Can You Freeze Soup?

Kitchen-reviewed Updated Jun 2026 Written from established cooking principles and checked for sense and safety. Not independently lab-tested.
Soup portioned into freezer bags and tubs

Yes — you can freeze soup.

Soup is one of the best things to batch-cook and freeze — make a big pot, eat some now, and stash the rest for an easy lunch or dinner another day. Most soups freeze brilliantly, especially brothy, vegetable and pulse-based ones. The main thing to watch is dairy: creamy soups can separate when frozen and thawed.

How to do it well

Let the soup cool completely, then portion it into tubs or bags — leaving a little room at the top for expansion — and freeze. For creamy soups, freeze the base before adding any cream or milk, and stir that in fresh when you reheat.

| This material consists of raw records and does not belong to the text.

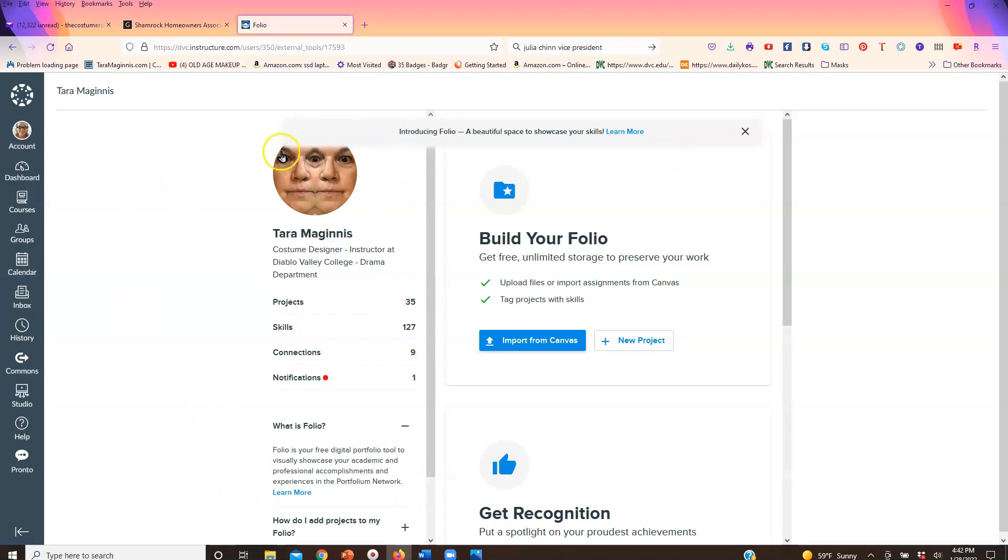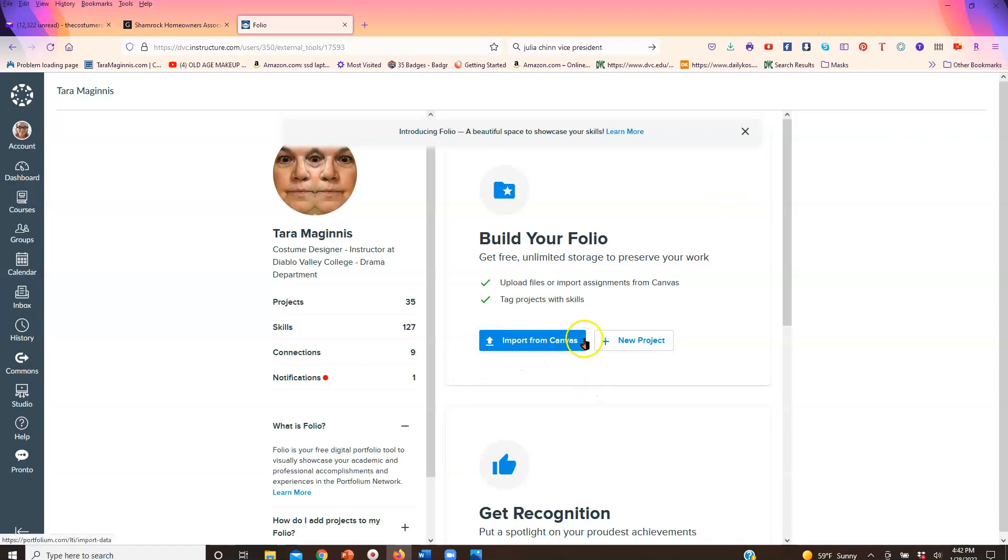As I say, mine already has something built, but just sign up for the part that a new person would have that says would you like to make a portfolio. So do that and once it lets you do that, import things from Canvas. That is all, bye.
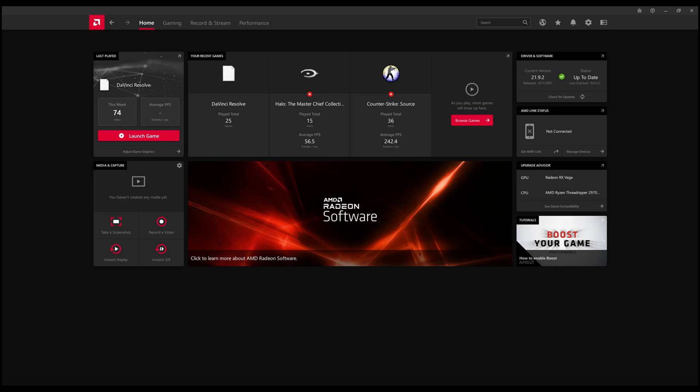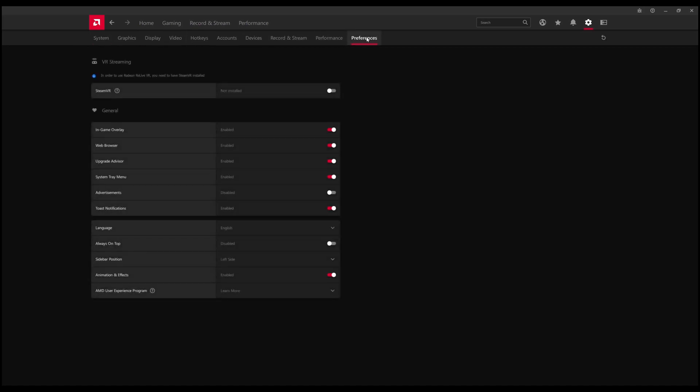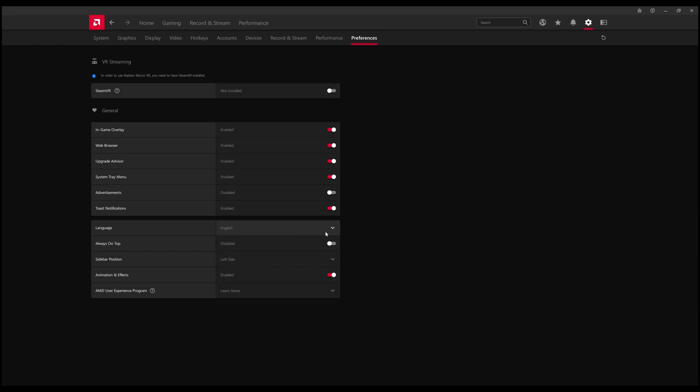First off, open up the Radeon software. Then you'll go into your settings. Once you get into this page, you'll see system all the way over. Go to preferences, and underneath here you'll see language is right there. Mine's in English, which it should be, and this is where you change it.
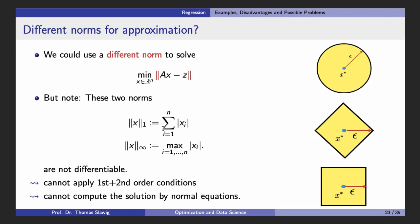One might consider taking a different norm for the approximation. We used the Euclidean norm squared, which is motivated by geometry and is differentiable. If we take the 1-norm or the infinity norm, there is an absolute value inside, so they are not differentiable. We cannot apply the gradient-equals-zero first order condition, and we also lack a second order condition for these norms. This is why regression is performed using the Euclidean norm.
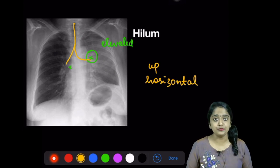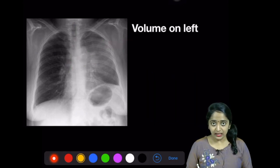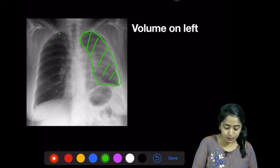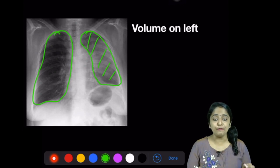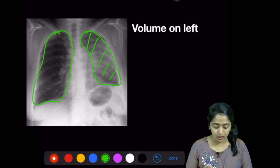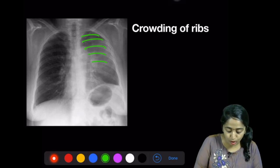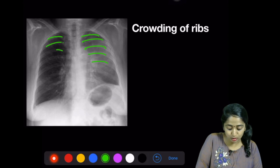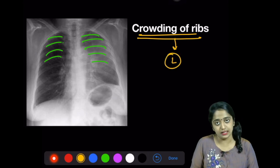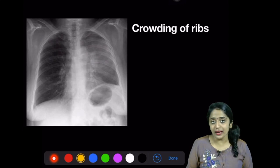The left bronchus is pushed up and it's more horizontal, so you have the hilum pulling up the left bronchus. What else is abnormal? Strikingly, the volume on the left side is much lower or reduced compared to the right side — so there is definite volume loss. Looking at the thoracic structure carefully, you can see that the ribs on the left side are more closely spaced than on the right side — in other words, you have crowding of the ribs on the left side.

Always reheat soup until it’s piping hot the whole way through.

How to freeze soup

  1. Cool the soup completely before freezing — never freeze it warm.
  2. Portion it into tubs or freezer bags, leaving a couple of centimetres at the top, as soup expands when it freezes.
  3. Label with the date, and freeze bags flat to save space.

How long it keeps

Up to 3 months.

How to defrost

Thaw in the fridge overnight, or reheat gently straight from frozen in a pan.

How to reheat

Reheat until piping hot throughout, stirring, and only reheat once.

When not to freeze it

  • Creamy or milk-based soups can split when frozen — freeze them before adding the cream, and stir it in after reheating.
  • Soups with lots of potato can turn slightly grainy, though the flavour is unaffected.

Food safety: Cool soup quickly, ideally within 1–2 hours, before it goes in the freezer. Reheat once, until steaming hot all the way through.